原告(全東栄信用協同組合)は、被告会社の東京支店長が相原精一を受取人として振り出した四十五万円の約束手形を相原より裏書譲渡を受けたので、右手形の所持人として満期日に支払場所に呈示したが支払を拒絶された。よつて第一次の請求として被告に対し右手形金とこれに対する年六分の遅延損害金の支払を求める。而して仮りに本件手形の偽造であつて被告が振出人としての義務を負うものでないとすれば、本件手形を真正なものであると信じて割り引いた金四十三万六千七百二十五円並びにこれに対する利子を損害賠償として請求すると述べた。

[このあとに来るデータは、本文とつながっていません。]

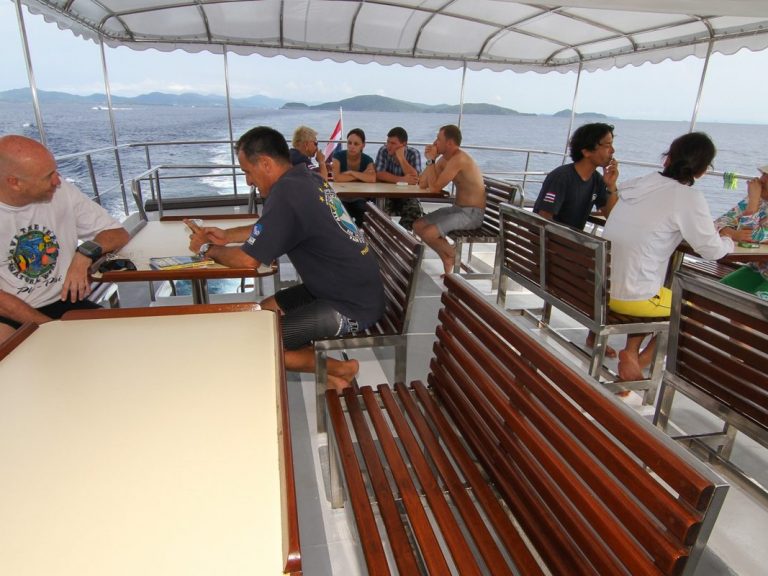 Forfaits de Plongée à Phuket Thaïlande à bord du yacht d'All4Diving - MV Mermaid (4)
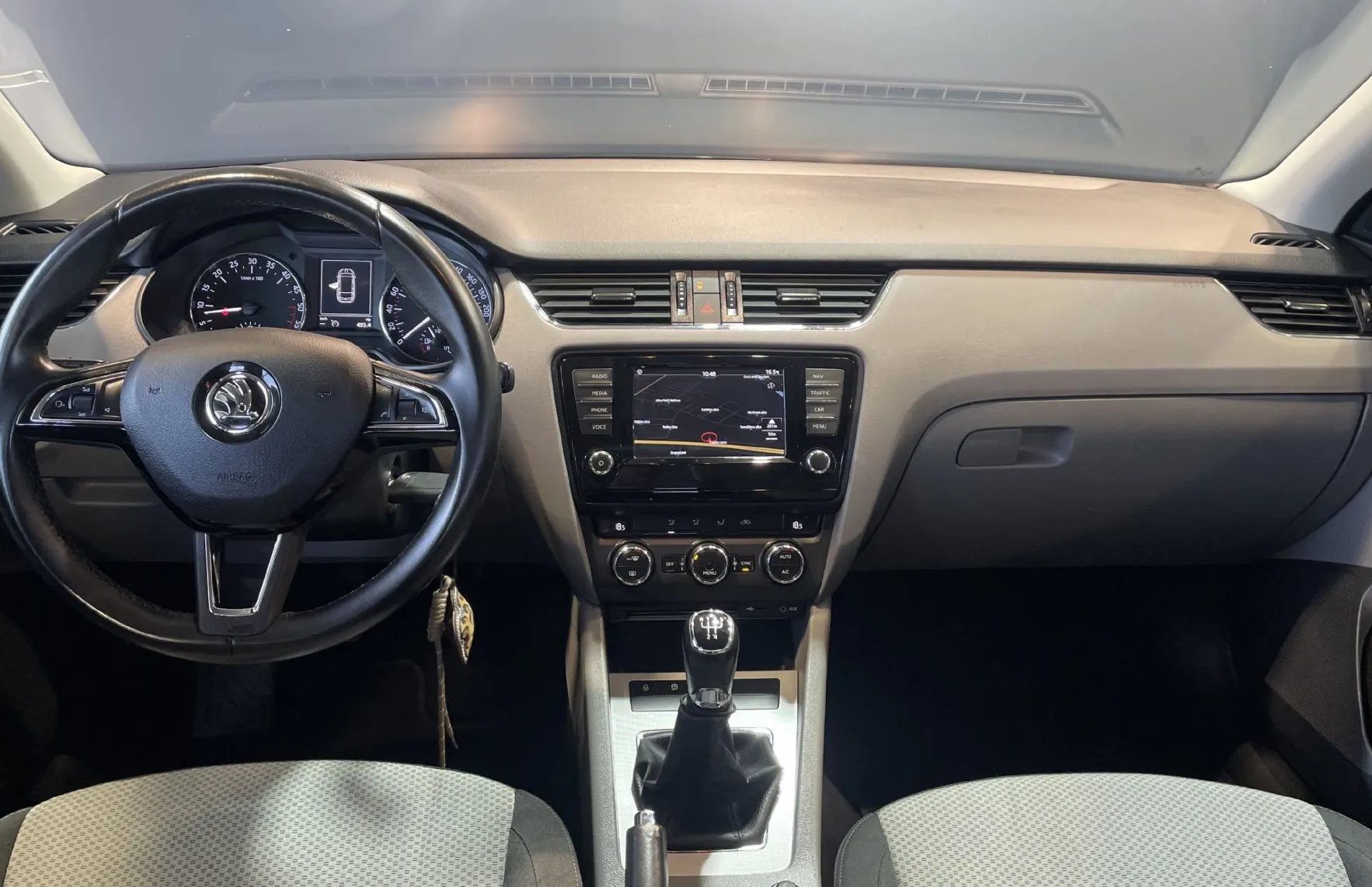 Zunanja slika - Škoda Octavia - VELIK SERVIS-NAVIGACIJA-TEMPOMAT-PDC-ALU-AVT.KLIMA - 9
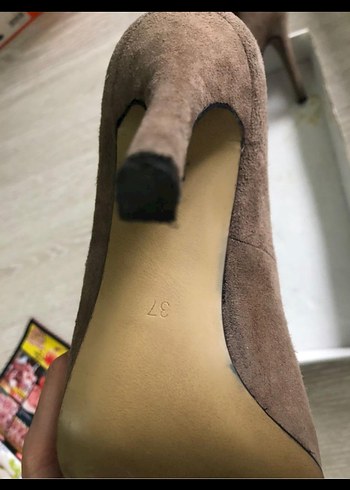 Bej Yılan Desenli Süet Stiletto Topuklu - Görsel 2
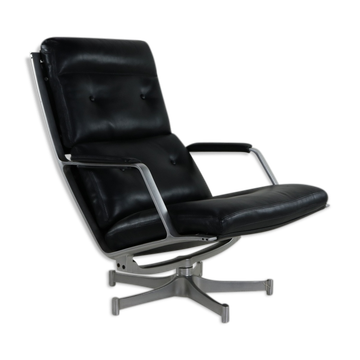 Fabricius and Kastholm black leather lounge chair FK 85 for Kill International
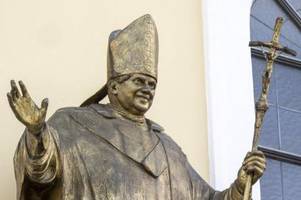 Studie zu Missbrauch im Münchner Erzbistum belastet Papst Benedikt und Kardinal Marx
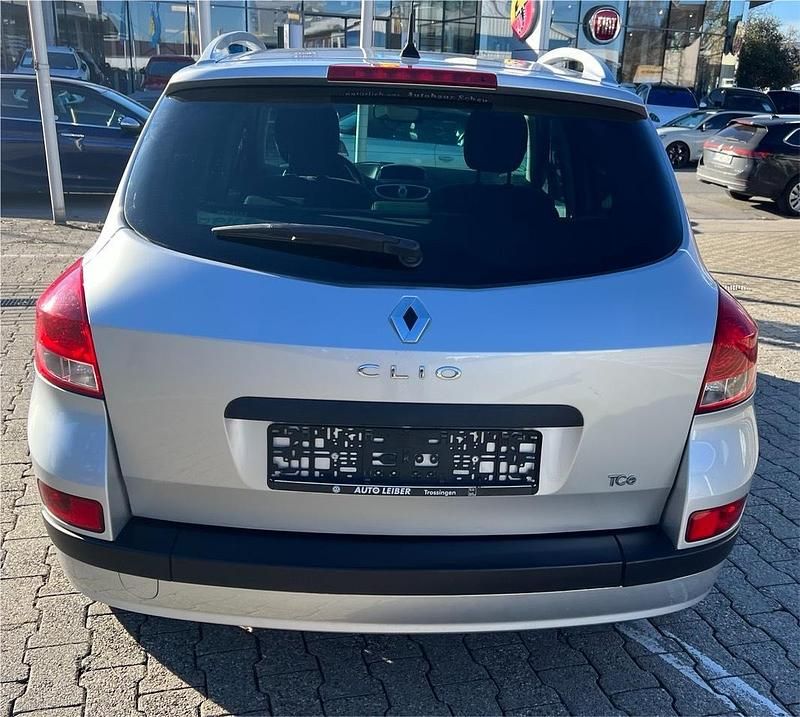 Gebraucht Renault Clio GrandTour 103 PS (75 kW) 2011 Silber Kombi
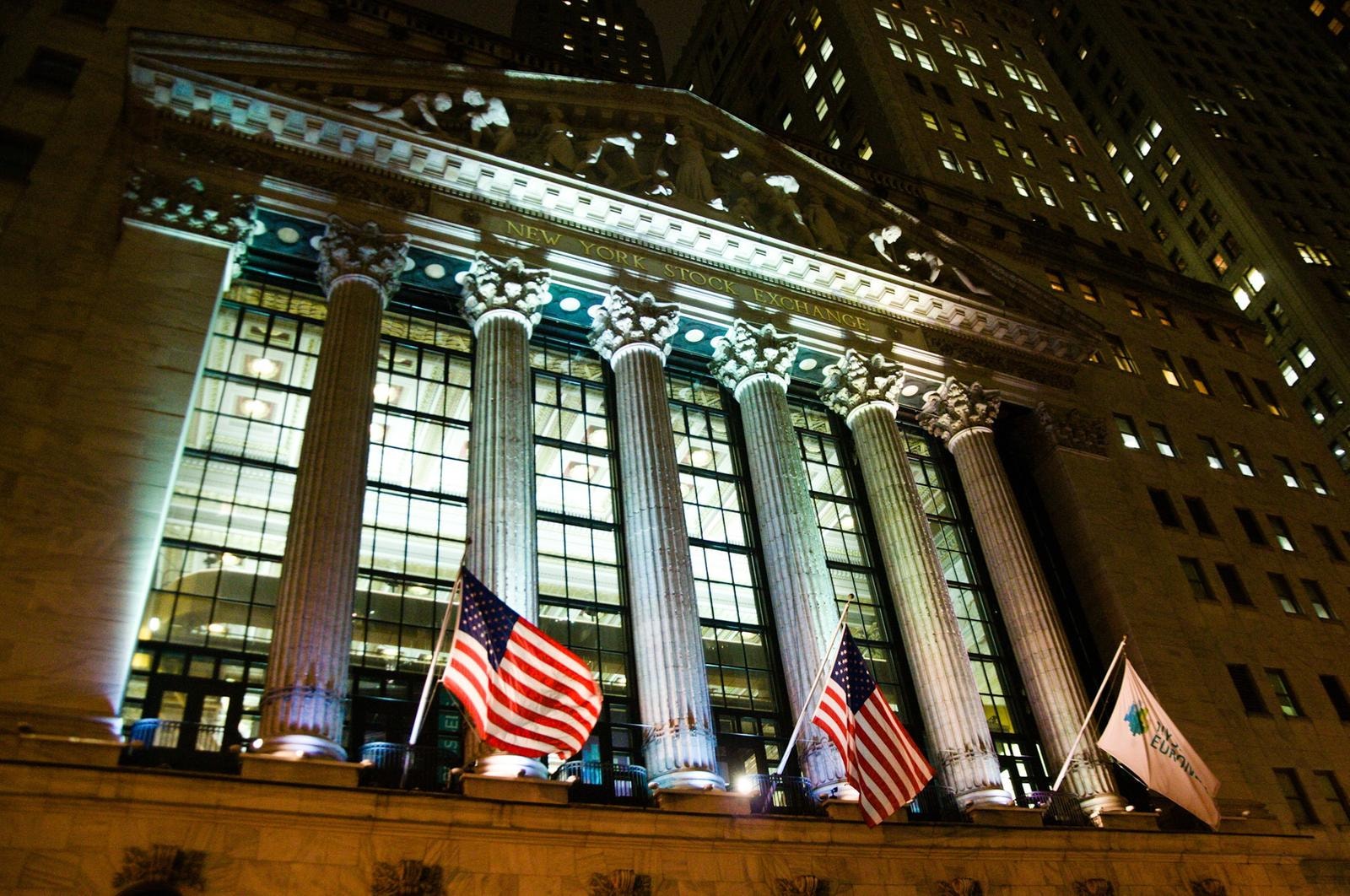 La diretta da Wall Street | Borse Usa in profondo rosso: Nasdaq -3,4%. Google perde una causa intentata dal dipartimento di Giustizia Usa
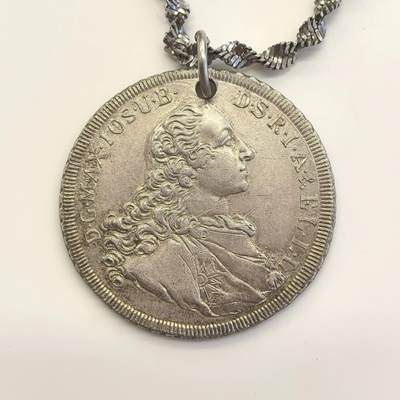 博洋堂世界钱币拍卖第129期（全场包邮） 德国巴伐利亚1760年圣母抱婴泰勒型银章 带银项链 42MM 32克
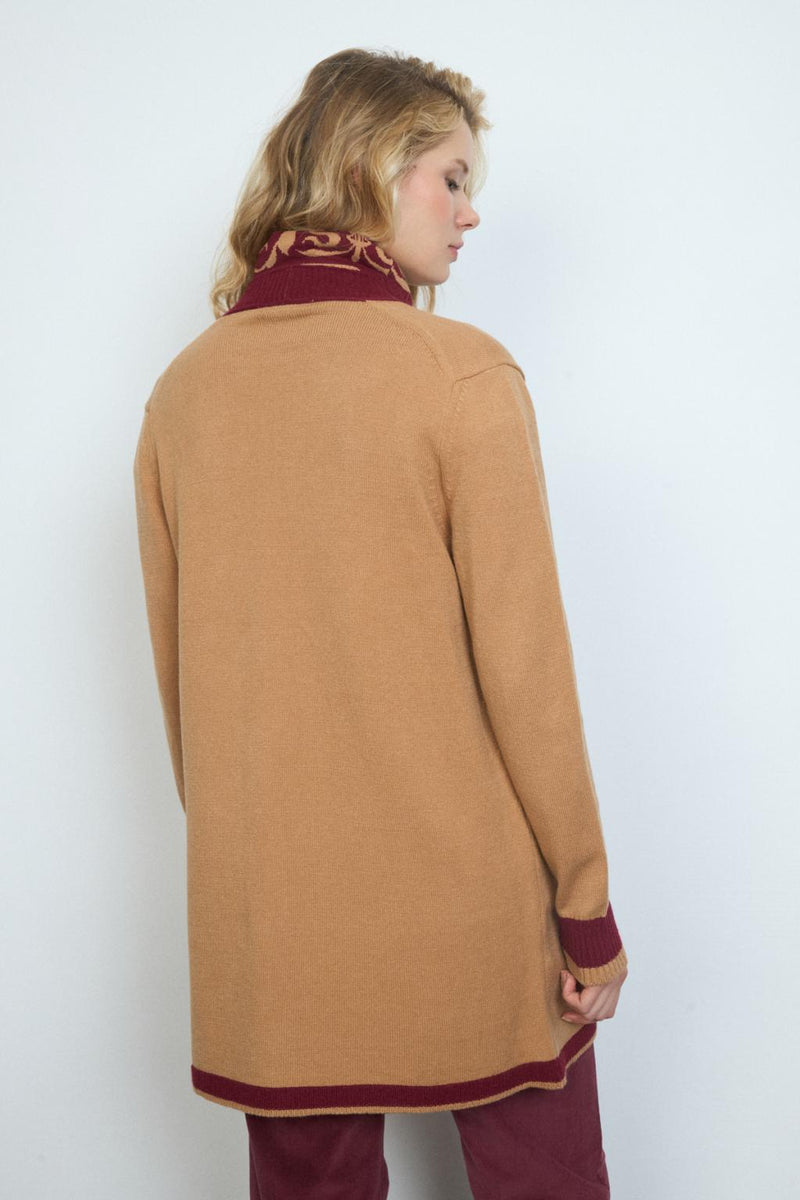 PUNTO CHAQUETA BARILOCHE / WOMAN KNITWEAR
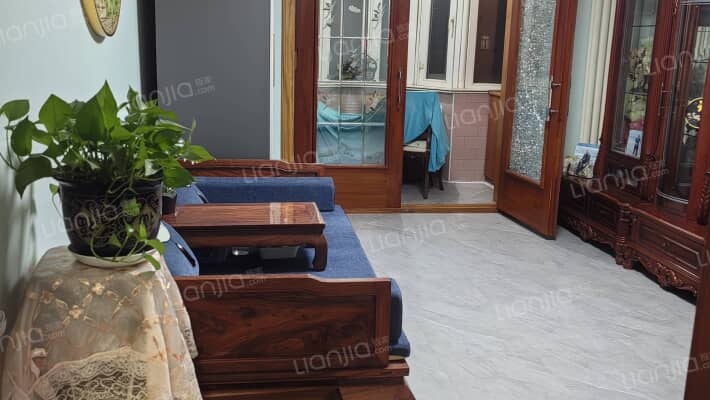 长发街二手房实景图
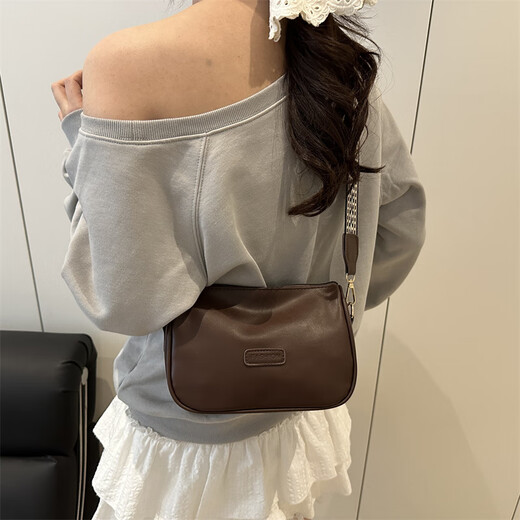 斜挎包女2025新款春夏bags真皮女包通勤包高级感精致单肩枕头包 咖色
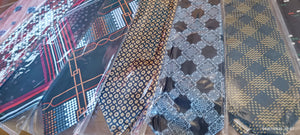 Per chi ama il vintage. Scatola con 16 cravatte vintage originali, fantasie in foto. 1,5 kg.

被告(株式会社松風屋)は、本件手形は被告の東京支店の事務員川端信義が右東京支店と何の関係もない相原精一と共謀して、東京支店の記名ゴム印と銀行取引に使う印鑑とを盗用して振出行為をしたものであるから、被告は本件手形金支払の義務を負わない。また川端は被告東京支店の会計係員として会計雑務を担当していたことはあるが、手形小切手振出の権限を与えられたことはなく、支払予定表にもとづいて支払のための約束手形を振り出すことはあるが、それは常に支店長の指図を受けて川端らが手形に署名捺印の代行をするに過ぎず、結局本件手形は川端が偽造したもので、右偽造は被告会社の事業の執行とは何も関係なく行われたものであるから、たとえこれによつて原告が損害を蒙つたとしても、それは被告の「事業ノ執行ニ付キ」原告に損害を蒙らせたとはいえず、被告は損害賠償の義務を員わないと述べた。

理由

原告の第一次の手形上の義務の履行を求める請求については、本件手形が被告の東京支店に勤めていた川端信義によつて作成され、右川端が被告東京支店長に代つて右手形の振出行為をする権限を与えられていなかつたと認められる事実により、被告は本件手形について振出人としての義務を負うものではないから、被告にその義務の履行を求める原告の第一次請求は失当である。

第二次の不法行為による損害賠償の請求について、

原告は右割引のため金四十三万六千六百二十五円を出して同額の損害を蒙つたわけである。そして、それは川端が、相原において他で割引を受けることを知りながらほしいままに被告会社東京支店長振出名義の本件手形を作成して流通においたために生じたものである。即ち川端の不法行為によつて原告は損害を蒙つたのである。而して川端は右の行為を被告会社の事業の執行のためにしたのではないが、また単に被告会社の事業を執行するに際してしたというに過ぎないものでもない。被告会社のための手形小切手の作成、交付という職務を執行する過程においてその権限を乱用して行つたものである。かような行為は民法第七百十五条の立法趣旨にかんがみ、被告の「事業ノ執行ニ付キ」したものとして、川端の使用者である被告に損害賠償責任を負わせるに足る行為であるということができる。してみると被告は原告に対し民法第七百十五条により、原告の蒙つた損害の賠償として金四十三万六千七百二十五円と、これに対する完済に至るまで年五分の割合による金員を支払う義務を負うものとして、原告の第二次の請求は正当であるとこれを認容した。